"""
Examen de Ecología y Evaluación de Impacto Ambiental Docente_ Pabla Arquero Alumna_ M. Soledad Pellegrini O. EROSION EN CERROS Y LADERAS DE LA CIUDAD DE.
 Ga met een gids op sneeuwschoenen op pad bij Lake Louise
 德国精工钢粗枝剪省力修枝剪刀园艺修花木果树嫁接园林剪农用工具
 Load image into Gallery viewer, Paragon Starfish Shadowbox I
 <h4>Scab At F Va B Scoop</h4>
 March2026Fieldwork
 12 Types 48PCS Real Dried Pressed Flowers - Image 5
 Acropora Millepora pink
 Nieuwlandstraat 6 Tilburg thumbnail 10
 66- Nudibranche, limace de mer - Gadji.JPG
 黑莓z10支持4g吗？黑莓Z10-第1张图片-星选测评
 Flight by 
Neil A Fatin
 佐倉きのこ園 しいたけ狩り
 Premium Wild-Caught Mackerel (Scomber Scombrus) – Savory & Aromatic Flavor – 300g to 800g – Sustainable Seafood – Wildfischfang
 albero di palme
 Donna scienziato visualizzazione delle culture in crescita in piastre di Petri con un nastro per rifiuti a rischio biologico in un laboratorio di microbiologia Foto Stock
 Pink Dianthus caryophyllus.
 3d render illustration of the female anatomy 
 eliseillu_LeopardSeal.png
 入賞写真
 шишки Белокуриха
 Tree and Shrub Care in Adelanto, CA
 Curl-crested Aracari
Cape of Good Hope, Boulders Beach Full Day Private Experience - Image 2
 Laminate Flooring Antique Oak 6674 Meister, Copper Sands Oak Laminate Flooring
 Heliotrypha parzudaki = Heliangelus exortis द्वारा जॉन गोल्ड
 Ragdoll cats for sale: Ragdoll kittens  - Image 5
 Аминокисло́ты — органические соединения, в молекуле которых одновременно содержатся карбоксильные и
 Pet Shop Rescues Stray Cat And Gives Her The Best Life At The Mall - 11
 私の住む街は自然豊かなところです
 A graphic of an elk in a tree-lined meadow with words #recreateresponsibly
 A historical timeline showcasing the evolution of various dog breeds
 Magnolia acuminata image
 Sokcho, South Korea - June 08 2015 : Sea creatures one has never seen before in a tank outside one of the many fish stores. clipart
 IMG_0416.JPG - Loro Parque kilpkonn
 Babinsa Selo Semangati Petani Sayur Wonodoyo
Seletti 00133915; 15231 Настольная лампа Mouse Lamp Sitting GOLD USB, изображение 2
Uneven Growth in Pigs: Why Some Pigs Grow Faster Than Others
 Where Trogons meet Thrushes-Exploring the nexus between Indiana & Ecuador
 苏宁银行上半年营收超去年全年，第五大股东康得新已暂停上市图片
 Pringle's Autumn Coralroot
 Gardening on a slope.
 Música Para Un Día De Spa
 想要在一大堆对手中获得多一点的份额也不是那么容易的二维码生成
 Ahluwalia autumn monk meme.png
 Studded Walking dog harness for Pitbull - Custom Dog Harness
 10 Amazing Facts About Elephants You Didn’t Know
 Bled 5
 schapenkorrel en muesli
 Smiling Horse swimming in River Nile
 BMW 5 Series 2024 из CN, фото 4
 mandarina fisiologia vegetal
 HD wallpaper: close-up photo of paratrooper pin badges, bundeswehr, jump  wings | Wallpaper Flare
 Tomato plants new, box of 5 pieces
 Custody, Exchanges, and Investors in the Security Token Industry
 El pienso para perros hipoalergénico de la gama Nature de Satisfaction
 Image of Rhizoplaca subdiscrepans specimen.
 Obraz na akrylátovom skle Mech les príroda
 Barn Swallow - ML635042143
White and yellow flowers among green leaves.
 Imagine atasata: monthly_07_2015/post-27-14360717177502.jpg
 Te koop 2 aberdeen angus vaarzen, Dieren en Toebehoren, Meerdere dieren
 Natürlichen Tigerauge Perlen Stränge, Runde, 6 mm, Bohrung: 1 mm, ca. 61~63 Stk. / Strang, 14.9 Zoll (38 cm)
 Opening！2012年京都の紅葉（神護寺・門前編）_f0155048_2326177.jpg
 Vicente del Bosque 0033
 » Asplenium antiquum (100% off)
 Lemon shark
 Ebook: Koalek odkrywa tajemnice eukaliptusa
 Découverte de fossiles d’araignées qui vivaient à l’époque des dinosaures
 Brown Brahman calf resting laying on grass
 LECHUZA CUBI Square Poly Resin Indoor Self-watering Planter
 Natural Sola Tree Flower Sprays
"""
__Your goal__. Copy each record from above without leaving any out.

__Result of this exercise__.
Examen de Ecología y Evaluación de Impacto Ambiental Docente_ Pabla Arquero Alumna_ M. Soledad Pellegrini O. EROSION EN CERROS Y LADERAS DE LA CIUDAD DE.
 Ga met een gids op sneeuwschoenen op pad bij Lake Louise
 德国精工钢粗枝剪省力修枝剪刀园艺修花木果树嫁接园林剪农用工具
 Load image into Gallery viewer, Paragon Starfish Shadowbox I
 <h4>Scab At F Va B Scoop</h4>
 March2026Fieldwork
 12 Types 48PCS Real Dried Pressed Flowers - Image 5
 Acropora Millepora pink
 Nieuwlandstraat 6 Tilburg thumbnail 10
 66- Nudibranche, limace de mer - Gadji.JPG
 黑莓z10支持4g吗？黑莓Z10-第1张图片-星选测评
 Flight by 
Neil A Fatin
 佐倉きのこ園 しいたけ狩り
 Premium Wild-Caught Mackerel (Scomber Scombrus) – Savory & Aromatic Flavor – 300g to 800g – Sustainable Seafood – Wildfischfang
 albero di palme
 Donna scienziato visualizzazione delle culture in crescita in piastre di Petri con un nastro per rifiuti a rischio biologico in un laboratorio di microbiologia Foto Stock
 Pink Dianthus caryophyllus.
 3d render illustration of the female anatomy 
 eliseillu_LeopardSeal.png
 入賞写真
 шишки Белокуриха
 Tree and Shrub Care in Adelanto, CA
 Curl-crested Aracari
Cape of Good Hope, Boulders Beach Full Day Private Experience - Image 2
 Laminate Flooring Antique Oak 6674 Meister, Copper Sands Oak Laminate Flooring
 Heliotrypha parzudaki = Heliangelus exortis द्वारा जॉन गोल्ड
 Ragdoll cats for sale: Ragdoll kittens  - Image 5
 Аминокисло́ты — органические соединения, в молекуле которых одновременно содержатся карбоксильные и
 Pet Shop Rescues Stray Cat And Gives Her The Best Life At The Mall - 11
 私の住む街は自然豊かなところです
 A graphic of an elk in a tree-lined meadow with words #recreateresponsibly
 A historical timeline showcasing the evolution of various dog breeds
 Magnolia acuminata image
 Sokcho, South Korea - June 08 2015 : Sea creatures one has never seen before in a tank outside one of the many fish stores. clipart
 IMG_0416.JPG - Loro Parque kilpkonn
 Babinsa Selo Semangati Petani Sayur Wonodoyo
Seletti 00133915; 15231 Настольная лампа Mouse Lamp Sitting GOLD USB, изображение 2
Uneven Growth in Pigs: Why Some Pigs Grow Faster Than Others
 Where Trogons meet Thrushes-Exploring the nexus between Indiana & Ecuador
 苏宁银行上半年营收超去年全年，第五大股东康得新已暂停上市图片
 Pringle's Autumn Coralroot
 Gardening on a slope.
 Música Para Un Día De Spa
 想要在一大堆对手中获得多一点的份额也不是那么容易的二维码生成
 Ahluwalia autumn monk meme.png
 Studded Walking dog harness for Pitbull - Custom Dog Harness
 10 Amazing Facts About Elephants You Didn’t Know
 Bled 5
 schapenkorrel en muesli
 Smiling Horse swimming in River Nile
 BMW 5 Series 2024 из CN, фото 4
 mandarina fisiologia vegetal
 HD wallpaper: close-up photo of paratrooper pin badges, bundeswehr, jump  wings | Wallpaper Flare
 Tomato plants new, box of 5 pieces
 Custody, Exchanges, and Investors in the Security Token Industry
 El pienso para perros hipoalergénico de la gama Nature de Satisfaction
 Image of Rhizoplaca subdiscrepans specimen.
 Obraz na akrylátovom skle Mech les príroda
 Barn Swallow - ML635042143
White and yellow flowers among green leaves.
 Imagine atasata: monthly_07_2015/post-27-14360717177502.jpg
 Te koop 2 aberdeen angus vaarzen, Dieren en Toebehoren, Meerdere dieren
 Natürlichen Tigerauge Perlen Stränge, Runde, 6 mm, Bohrung: 1 mm, ca. 61~63 Stk. / Strang, 14.9 Zoll (38 cm)
 Opening！2012年京都の紅葉（神護寺・門前編）_f0155048_2326177.jpg
 Vicente del Bosque 0033
 » Asplenium antiquum (100% off)
 Lemon shark
 Ebook: Koalek odkrywa tajemnice eukaliptusa
 Découverte de fossiles d’araignées qui vivaient à l’époque des dinosaures
 Brown Brahman calf resting laying on grass
 LECHUZA CUBI Square Poly Resin Indoor Self-watering Planter
 Natural Sola Tree Flower Sprays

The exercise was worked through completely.